A clock built around an atomic nucleus, not the electrons orbiting it, has now been run in the lab for the first time. Researchers embedded thorium-229 in a calcium-fluoride crystal, locked a laser to the nucleus’s transition near 148 nanometers, and compared the result with a Yb+ ion clock. One of the teams then pushed the device straight toward dark matter searches, a sign that this is no longer just a theory exercise.
For everyone who relies on precision timing, the appeal is simple: atomic clocks are already extraordinarily good, but a nuclear clock could be even steadier. The nucleus sits far less exposed to outside electromagnetic noise than an electron-shell transition, so its frequency should drift less. That opens the door to sharper tests of fundamental constants, tighter limits on ultralight dark matter, and a new way to probe the strong force inside the nucleus.

Thorium-229 matters because it is the only known isotope with a nuclear transition low enough to be driven directly by a laser. A 2016 Nature paper directly detected that transition and constrained the excitation energy to between 6.3 and 18.3 electronvolts. By 2019, the wavelength estimate had tightened to 149.7 plus or minus 3.1 nanometers. A 2021 review called the low-energy excited state, about 8 eV, a prime candidate for a nuclear clock, and that long search finally reached a working laboratory demonstration.

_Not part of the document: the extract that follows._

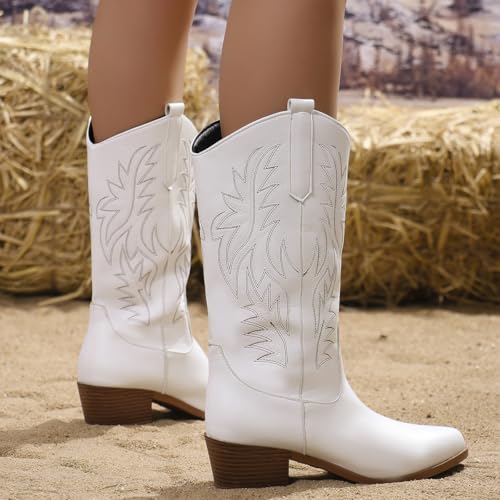 Cowgirl Boot for Women,Retro Classic Mid Calf Western Boots Embroidered Pointed Toe Chunky Block Heel Cowboy Boots3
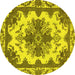 Round Machine Washable Persian Yellow Bohemian Rug, wshabs1276yw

The engineering momentum has been building fast. In 2024, NIST reported laser spectroscopy of thorium-229 in a calcium-fluoride host crystal, and in 2025 it measured temperature sensitivity at 150 K, 229 K, and 293 K. A 2026 Nature paper reported that 229Th:CaF2 crystals held a reproducibility of 220 Hz, fractionally 1.1 x 10^-13, at 195 K over seven months. Another 2026 preprint described a room-temperature thorium-229 optical nuclear clock in a millimeter-sized CaF2 crystal, using a feedback loop, continuous comparison to a Yb+ single-ion clock, and shot-noise-limited instability of 3 x 10^-12 tau^-1/2, approaching 10^-15 over one day.
That still leaves a long road to a usable instrument. The latest results are first steps, not a finished field device, and the room-temperature clock remains a preprint rather than a mature standard. But the leap is clear: thorium-229 has moved nuclear timekeeping from speculation into the lab, and the next tick could tell physicists far more than the time.